Ler ou reler Peter Pan, hoje, é evocar um direito fundamental das crianças,
essencial ao seu desenvolvimento emocional, cognitivo e relacional: o direito
de brincar. Mas brincar livremente, de forma espontânea e sem a orientação dos
adultos. Preenchido por múltiplas atividades escolares e extraescolares, por
jogos repetitivos em frente a um ecrã, por demasiadas horas passadas em espaços
fechados, o tempo livre das crianças também já nos surge como uma espécie de
utopia.

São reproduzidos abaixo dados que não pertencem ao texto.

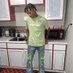 GSE BABYK (@gsebabyk) Twitter profile photo GSE BABYK (@gsebabyk) Twitter profile photo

Se o leitor quer uma expressão realmente contraditória, reflita nesta:
«ocupação de tempos livres». A questão é evidente: se o tempo é livre, para quê
ocupá-lo?
Peter Pan, obra que celebrizou o escocês James Matthew Barrie (1860-1937), faz parte da mesma família literária em que se encontram a Terra Média de J.R.R. Tolkien, o Mundo de Oz de L. Frank Baum, a Nárnia de C.S. Lewis ou, como já dissemos, o País das Maravilhas de Lewis Carroll. São lugares imaginados até ao pormenor e dotados de vida própria; lugares que, pela sua riqueza simbólica, se tornam absolutamente reais na cabeça do leitor. Representam uma possibilidade de evasão, um jogo interminável, uma aventura com a sua dose de risco. Quem acha que Peter Pan é uma brincadeira de crianças, sabe apenas uma pequena parte da história.
(Excerto do prefácio que escrevi para Peter Pan, recentemente reeditado pela Fábula, uma chancela da 20|20. A tradução é de José Manuel Lopes.)